Even the most unbiased observer would have to admit the more egregious examples of un-representative votes in those hearings came from Republicans far more than Democrats. In overwhelming numbers, folks at home – voters who elected the un-representatives – told them how they felt on one nominee after another. And, with a consistency rarely found in politics, those elected “un-representatives” – Republicans mostly – ignored them.
It’s widely accepted that, when considering a new President’s appointees, a lot of latitude is given to the Chief Executive to have the crew he wants. Often, this means swallowing hard because of a nominee’s tenuous talents to serve in a particular post. But this batch! Front to back – top to bottom – monied fools whose “leadership” abilities stopped far short of the vaguest qualifications. One, in fact, didn’t know for two days after appointment what his new job would be – believing it was to travel the world to promote this country’s oil and gas industries. A Dallas reporter had to “‘splain it” to him.
But un-representative members of Congress bellied up to the bar to approve everyone that reached the Senate floor.
Idaho had to look no further than Sens. Risch and Crapo to find what voters wanted them to do wasn’t worth a damn. Neither would meet with constituents – wouldn’t talk to them at district offices – wouldn’t come to the phone or return emails. In fact, neither would even make public what the public said about the list of unqualified nominees. Finally, one clerk in Crapo’s employ let slip that opposition to the Dept. Of Education chief was over 95%! Still, you know who ol’ Mike confirmed. Yep, he went with the 5%.

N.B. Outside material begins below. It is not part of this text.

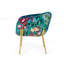 Fauteuil demi-tonneau en velours Winbush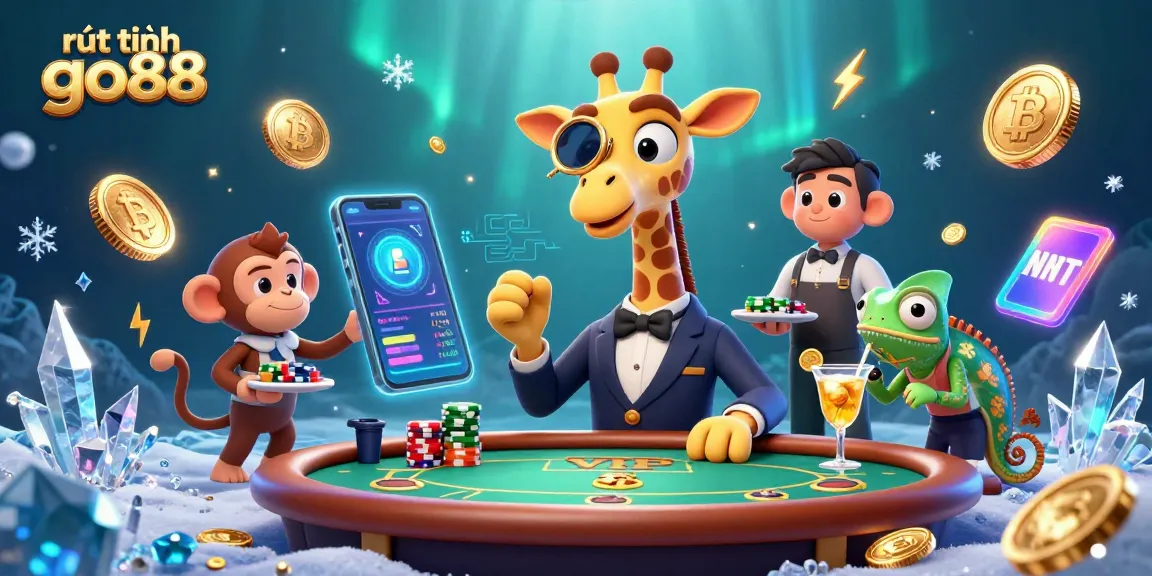 Experience the excitement of rút tiền go88 with a vibrant casino scene featuring a high-roller giraffe and lively characters.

In state after state – district after district – across the nation, members of Congress “holed up.” Wouldn’t meet – wouldn’t talk – wouldn’t be interviewed – wouldn’t answer mail or phones. Some locked office doors – doors voters pay for in federal buildings we own. It was in your face. Our face. Locked doors and unanswered phones.
One flat out lie came from un-Rep. Cathy McMorriss Rogers, the highest ranking woman in the GOP in the House whose home office is in Spokane. She told voters she’d meet last week but only two at a time since the fire marshal had written her that was the most people that could be in her office at once. “Safety,” you know. Except he didn’t write. In fact, he said her office could “safely” handle 30 people.
Two reasons for this chicken-heartedness, I think. First, lobbyists with pockets full of money. Oil and gas people turned on all the money spigots for the new EPA chief, for example. Big bucks flooded in to D.C.. Textbook publishers and private charter school companies trucked in loads of greenbacks for the most unqualified billionaire ever to buy the Secretary of Education’s job. And so it went. Voices of greed outweighed voices of voters and filthy lucre supplanted “the right thing to do.”
Second, our un-representatives – mostly Republican – are scared to death of the President. Terrified of retribution – of having a primary opponent at home – of having their continued employment ended by a guy not worthy of his own elected position. They lack the guts to do their jobs for fear they’ll be violently ripped from the public trough in an act of Trump pique.
It’s doubtful the dollars will stop rolling in. So, there’ll likely be that obstacle between voters and members of Congress until that Citizens United decision is overturned. But, the fear factor may soon be ended. Especially in the Senate. When six or eight members – enough to sway the balance of voting – decide to do what’s right, Trump/Bannon will cease to be an employment or career threat. Then we may begin to see some semblance of independence.
There’s also the possibility a numbers/reality change in that same Senate could lead to a vacancy in the White House. You can already get betting odds in Vegas and Reno on impeachment. And those odds are slipping closer to 50-50 as we go along.
However all that may turn out, there’s a lesson here we voters must not forget. While 2018 is still a ways off – and some members won’t be up for re-election even then – we must remember who the un-representatives are. We need to clearly recall that, when we needed them to do the job we gave them, they didn’t show up. When we, in large numbers, needed to talk to them about what we wanted, they locked their doors and took their phones off the hook.
We were paying them to do their jobs. Others paid them not to.